--- Problem description ---
When you reach the line that contains "Navy Gildan 18000", set down that line and every one after it through the end of the records, exactly as written and with no pictures.
━━━━━ Task input ━━━━━
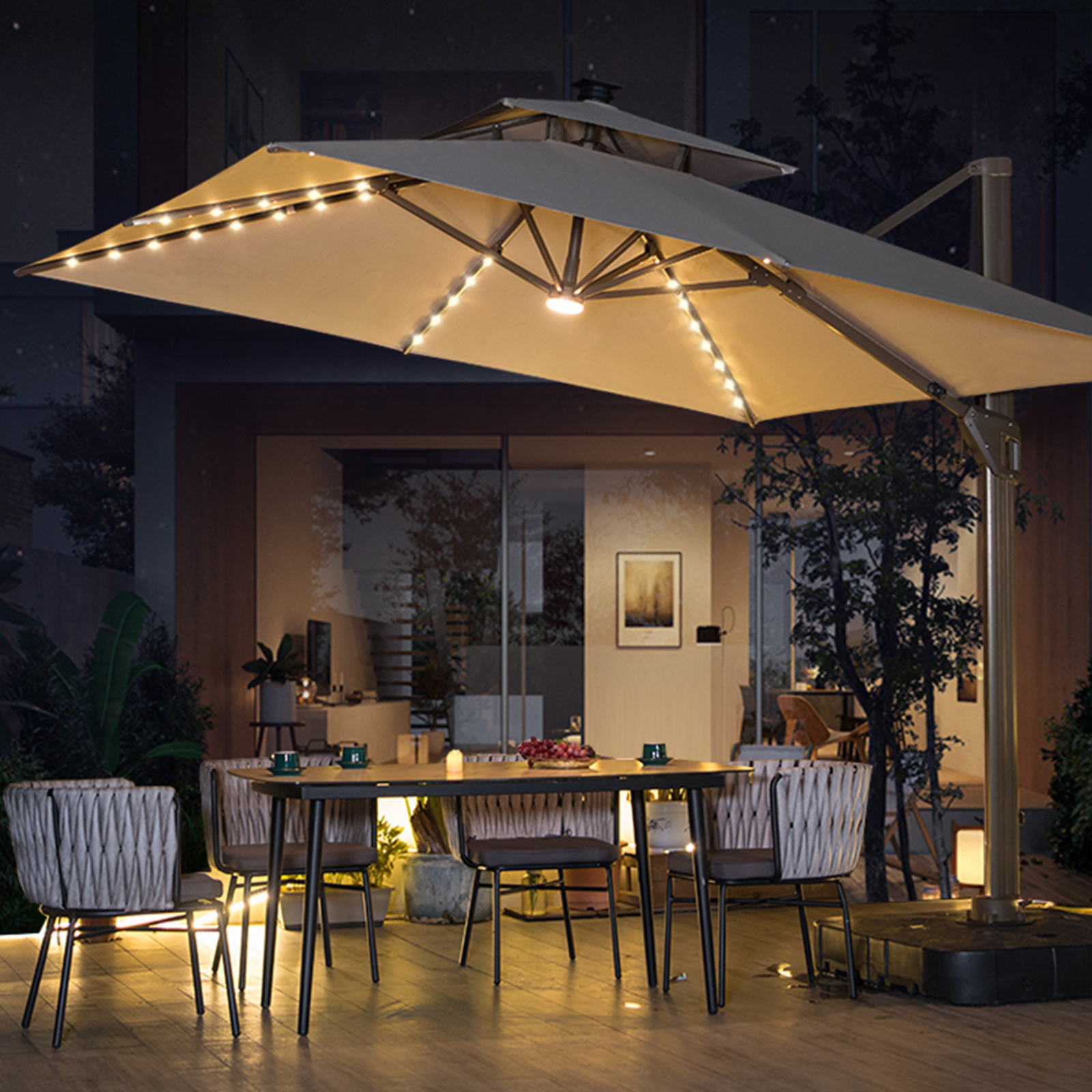 Outdoor garden umbrella pole sun shade patio umbrella lighting umbrella with LED light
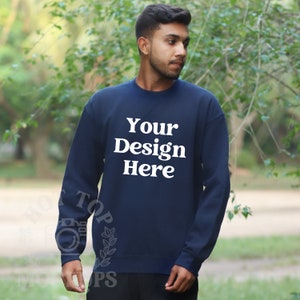 Navy Gildan 18000 Mockup Navy Sweatshirt Mockup Model | Male Model Mockup | Outdoor Mockup Sweatshirt | Gildan 1800 Mockup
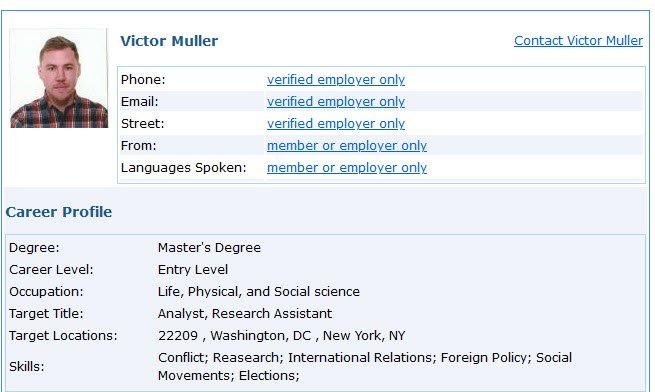 Screenshot profilu Brazilce Victora Mullera, podle nizozemské rozvědky ruského agenta GRU Sergeje Čerkasova, na MyVisaJobs. Zdroj: MyVisaJobs, Bellingcat
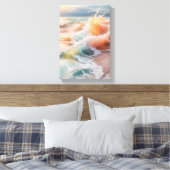 Abstract pastelolieverfschilderij canvas afdruk (Insitu (Slaapkamer))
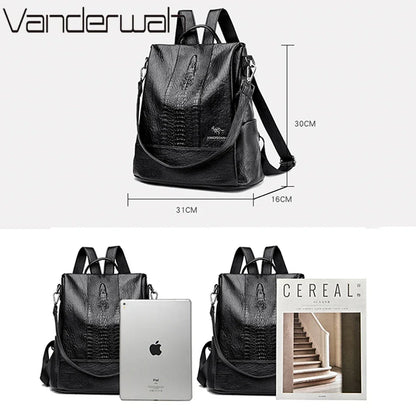 Women's Soft Leather Backpack School Bookbags for Girls Bagpack Large Capacity Designer Travel Rucksack High Quality Mochilas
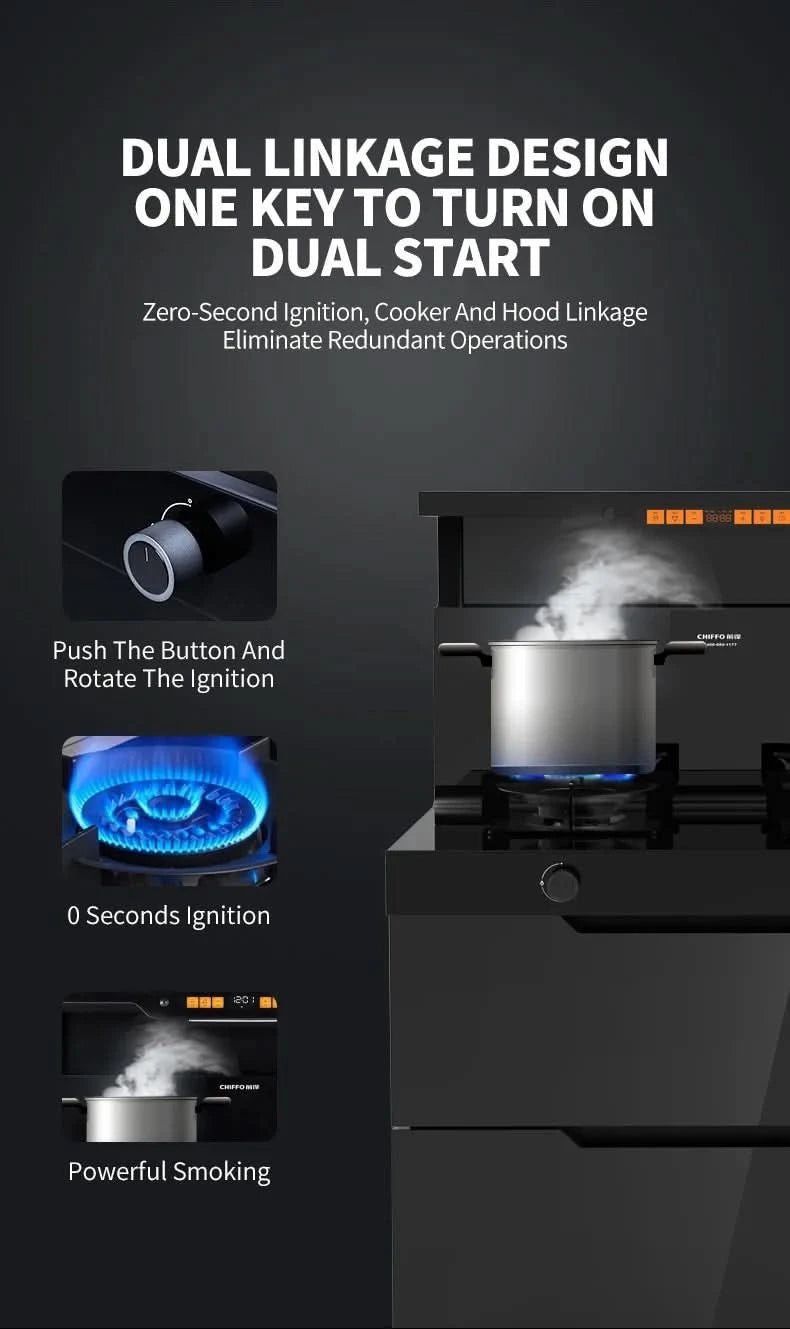 Hot Selling 3-in-1 Smart Home Integrated Stove Glass Cooker With Smoke Extractor Cleaning Cabinet For Gas/Electric Household Use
━━━━━
--- Your solution ---
 Navy Gildan 18000 Mockup Navy Sweatshirt Mockup Model | Male Model Mockup | Outdoor Mockup Sweatshirt | Gildan 1800 Mockup
 Screenshot profilu Brazilce Victora Mullera, podle nizozemské rozvědky ruského agenta GRU Sergeje Čerkasova, na MyVisaJobs. Zdroj: MyVisaJobs, Bellingcat
 Abstract pastelolieverfschilderij canvas afdruk (Insitu (Slaapkamer))
 Women's Soft Leather Backpack School Bookbags for Girls Bagpack Large Capacity Designer Travel Rucksack High Quality Mochilas
 Hot Selling 3-in-1 Smart Home Integrated Stove Glass Cooker With Smoke Extractor Cleaning Cabinet For Gas/Electric Household Use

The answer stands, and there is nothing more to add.